Any study of MI should be preceded by a detailed field study of the host rocks. In addition, thin sections should be prepared for petrographic analysis of phenocryst phases, modes, rock textures, and phase relationships. Such information is vital to successful interpretation of data obtained through MI analysis.

Optimally, the MI-bearing phenocrysts should be picked from crystal separates. For pumiceous and scoriaceous rocks, such separates are particularly easy to prepare, as the matrix glass may be easily crushed and separated from crystals (often, by simply floating it away). Even for lavas and granites, crystals can be readily separated from groundmass and other phenocryst phases after crushing and use of heavy liquids. Any type of igneous phenocryst may contain MI. Olivine and quartz have been used for most studies because, in contrast to crystals with good cleavage, they tend to survive eruption and sample preparation without fracturing. An additional advantage of quartz is that its homogeneous and constant composition makes data acquisition and reduction quite simple. Pyroxenes, though relatively opaque, also can be used successfully, and MI studies have used plagioclase, sanidine, leucite, apatite and other phases.

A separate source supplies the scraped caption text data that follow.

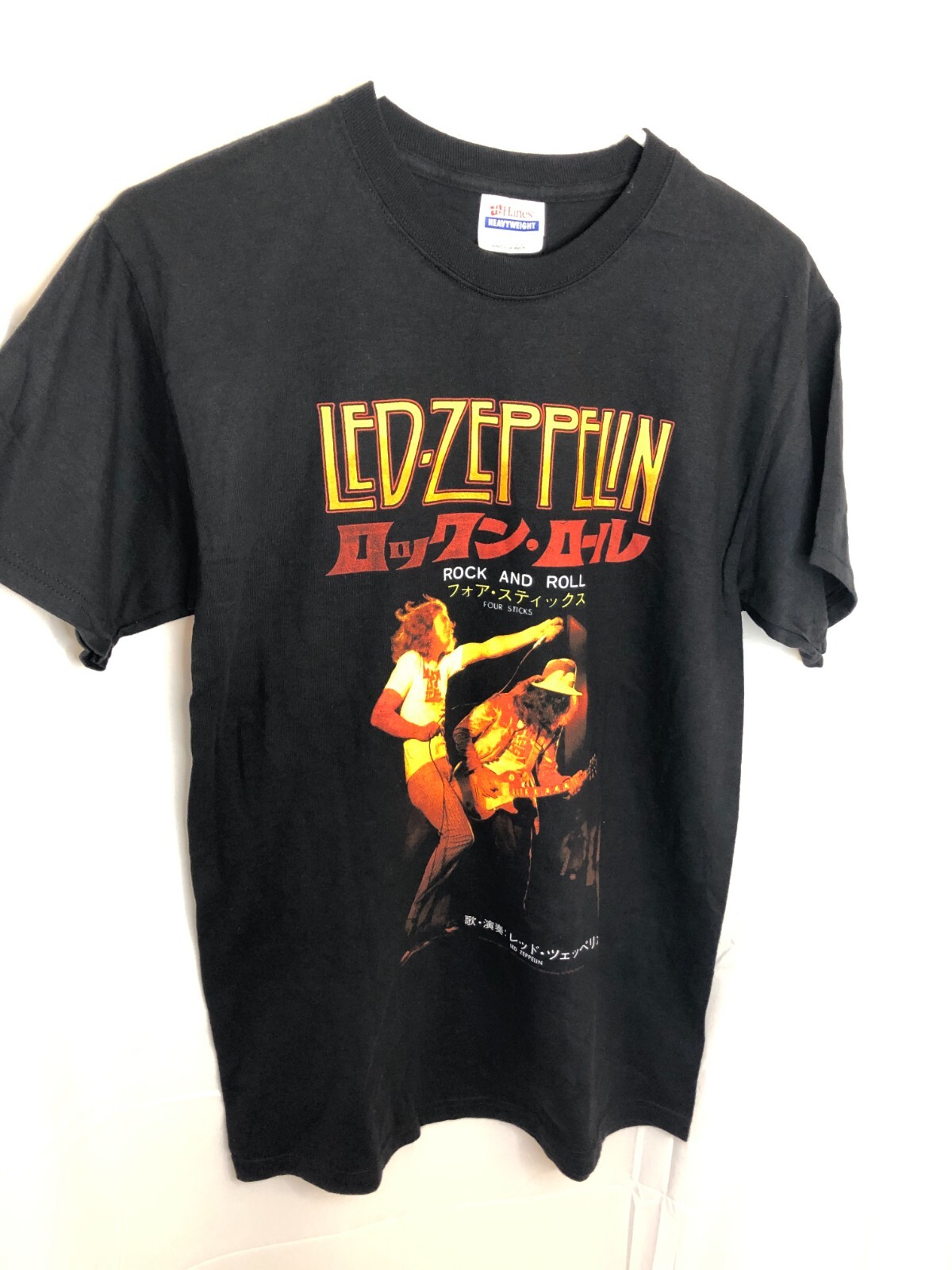 Rare Vtg 2007 Led Zeppelin Japan Tour 45 Tee Shirt Rock Mens S Deadstock Hanes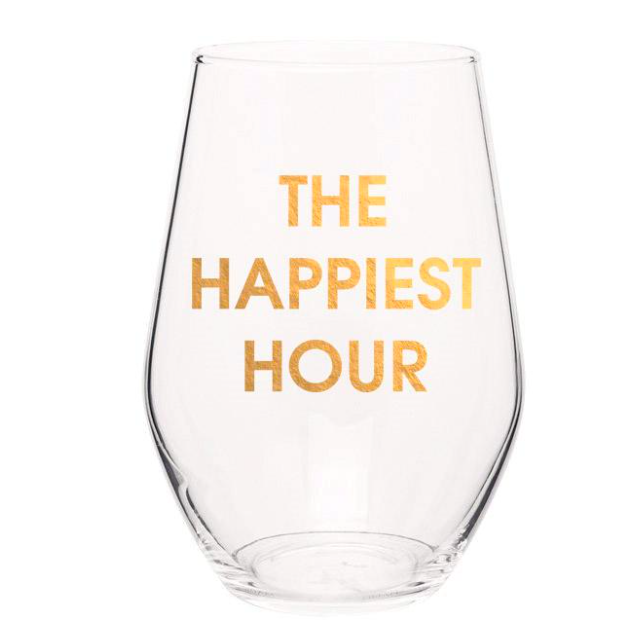 Chez Gagne The Happiest Hour Wine Glass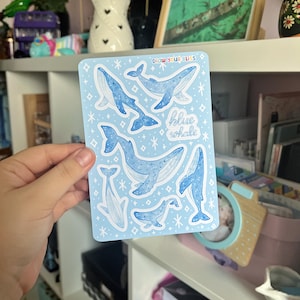 Feuilles d'autocollants de baleine bleue - Mammifère marin - Papeterie illustrée animaux de la mer - Autocollants pour journal, décoration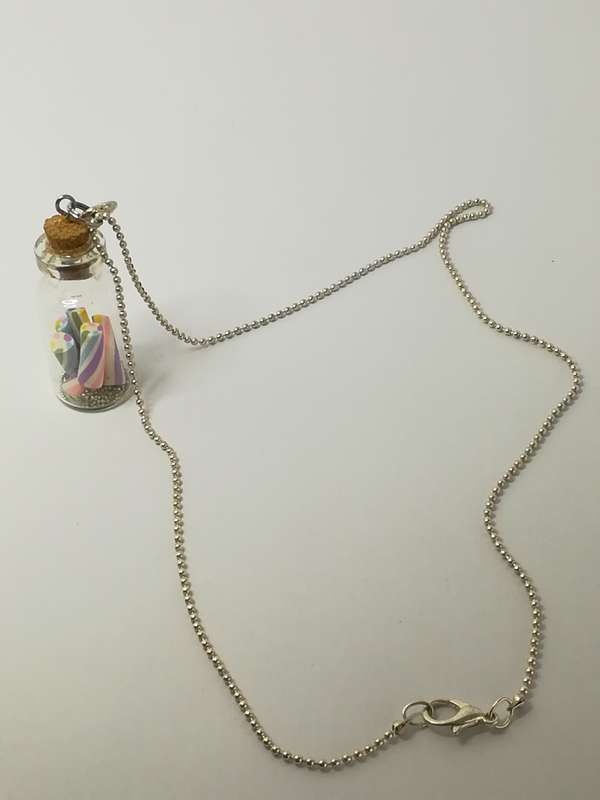 Fashion Necklace with Glass Bottle & Cork & Candy Sticks on Bubbly Chain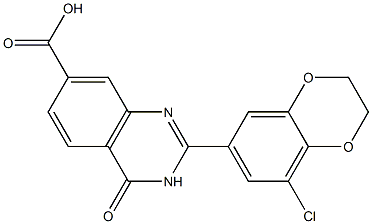 2-(8-chloro-2,3-dihydro-1,4-benzodioxin-6-yl)-4-oxo-3,4-dihydroquinazoline-7-carboxylic acid 结构式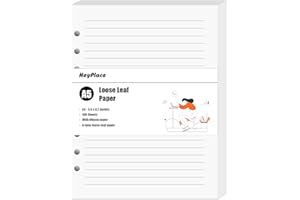 HEYPLACE 200 Sheets Lined Refill Paper, White Loose Leaf Paper 6 Holes for A5 Notebook 6-Ring Binders School Office 5.6" x 8.2" 80gsm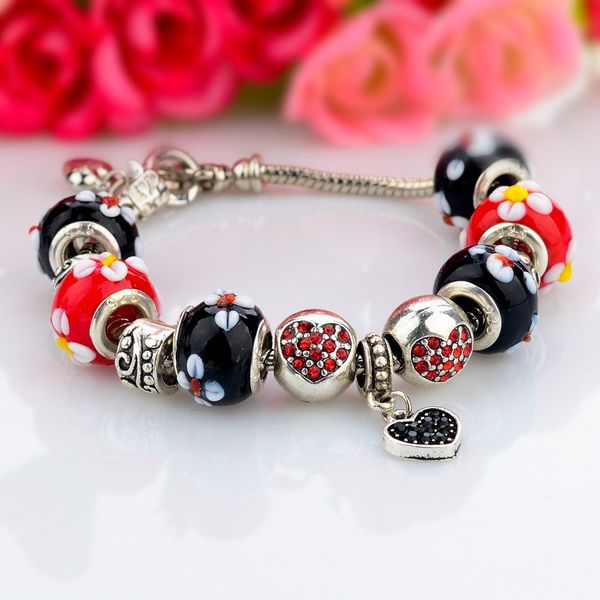 attractto fashion diy strand bracelets for women silver snake chain black red flower beads heart bracelets & bangles sbr150050
attractto fashion diy strand bracelets for women silver snake chain black red flower beads heart bracelets & bangles sbr150050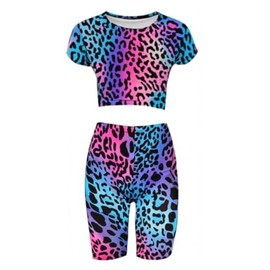 Fashionable Girls Two Piece Outfit Crop Top & Shorts Set with Bright Neon Colors & Fun Prints Perfect for Kids & Teens Who Love Dance Gymnastics & Biking (UK, Age, 7 Years, 8 Years, Multi Leopard)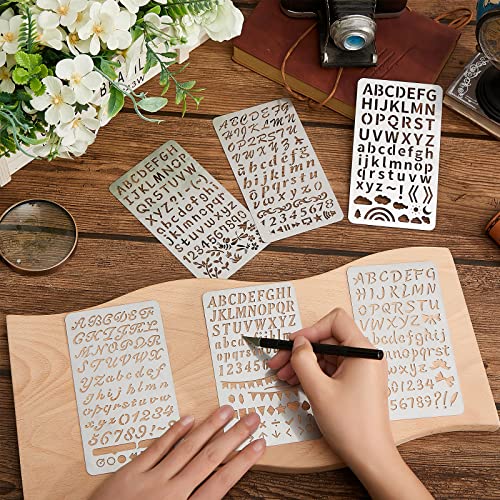 6 Pcs Mixed Letter Number Metal Stencils Plant Wood Stencils Templates Alphabet Symbol Stainless Steel Stencils for Wood Carving Drawing Engraving Lewtemi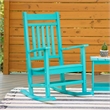 Pemberly Row All-Weather Traditional Resin Patio Porch Rocker in Blue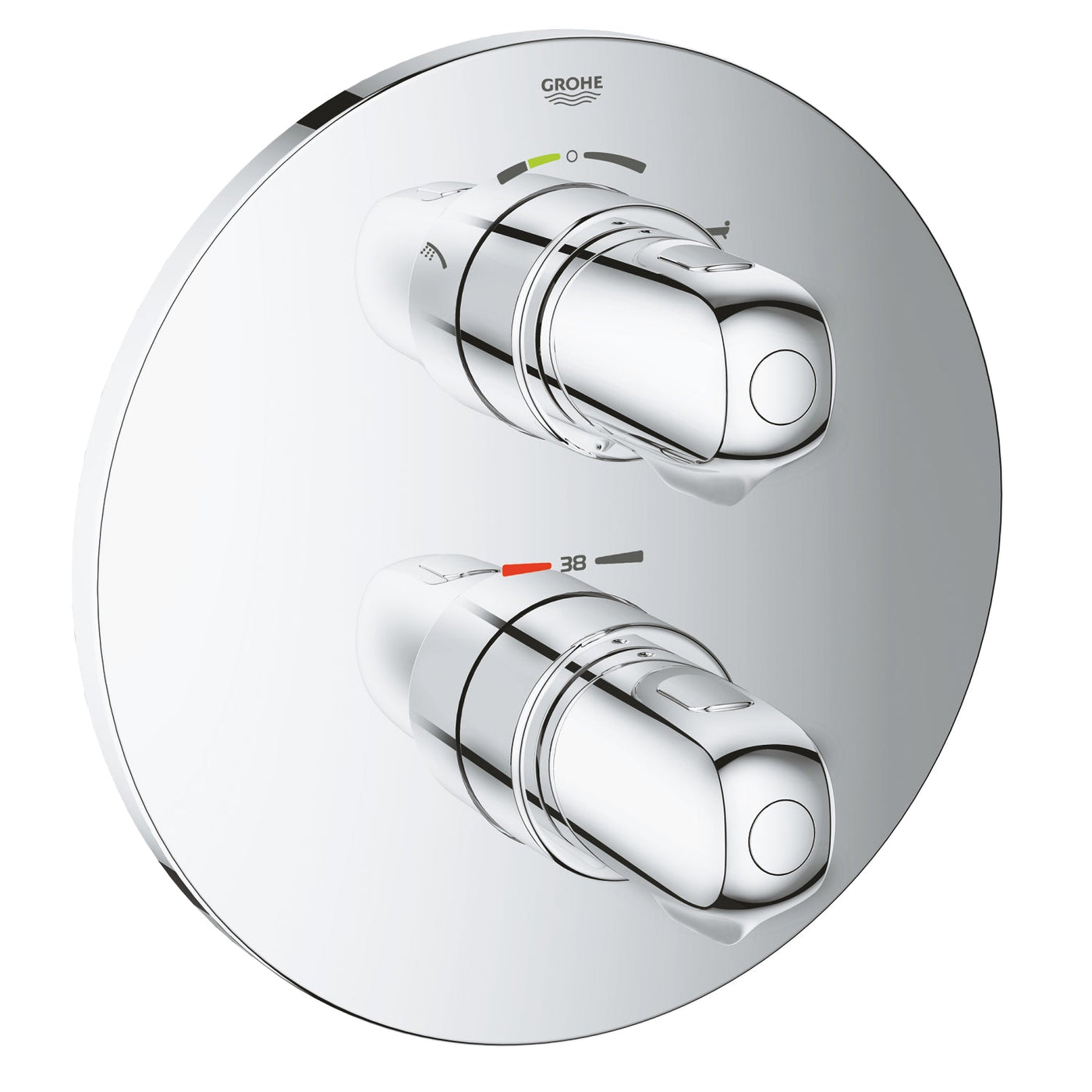 Grohe Chrome Grohtherm 1000 Thermostatic bath mixer with integrated 2-way diverter - Letta London - Twin Shower valves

Workers should avoid analysis of inclusions in grain mounts and thin sections if the MI were not observed and described prior to polishing. Instead, MI-bearing phenocrysts should be immersed in a mineral oil of appropriate refractive index to minimize scattering of light. Either a petrographic or stereoscopic microscope can be used to view the inclusions, or optimally, a spindle stage (e.g., Anderson & Bodnar 1993). Such setups permit observation of the inclusion in three-dimensions, allowing detection of cracks, capillaries, and other features that may indicate that the inclusion did not remain a closed system during cooling and depressurization (e.g., Fig. 3). Workers should also record inclusion size, shape, and color, and describe any associated bubbles. Afterwards, the MI-bearing crystals can be mounted and polished.

 

ELECTRON MICROPROBE ANALYSIS (EPMA):

Most studies of MI will include major-element analysis by electron microprobe. This technique permits assessment of inclusion composition and heterogeneity and can provide evidence for magma mixing and/or crystal fractionation. EPMA remains the most accurate technique for determining major elements, Cl, F, and S within inclusions. In the past, because of the difficulty in direct analysis of O, most samples have been analyzed and reported as oxides, with the mass of oxygen associated with elemental cations assigned during data reduction. If H2O is present within a mineral or glass sample, this procedure results in reported totals of significantly less than 100% because the electron microprobe is not sensitive to the presence of H. This causes the amounts of both H and O to be under-reported. Anderson (1974b) used this deficit to his advantage in applying the "difference method" (100% minus EPMA analysis total) to estimate the dissolved-water concentrations of MI.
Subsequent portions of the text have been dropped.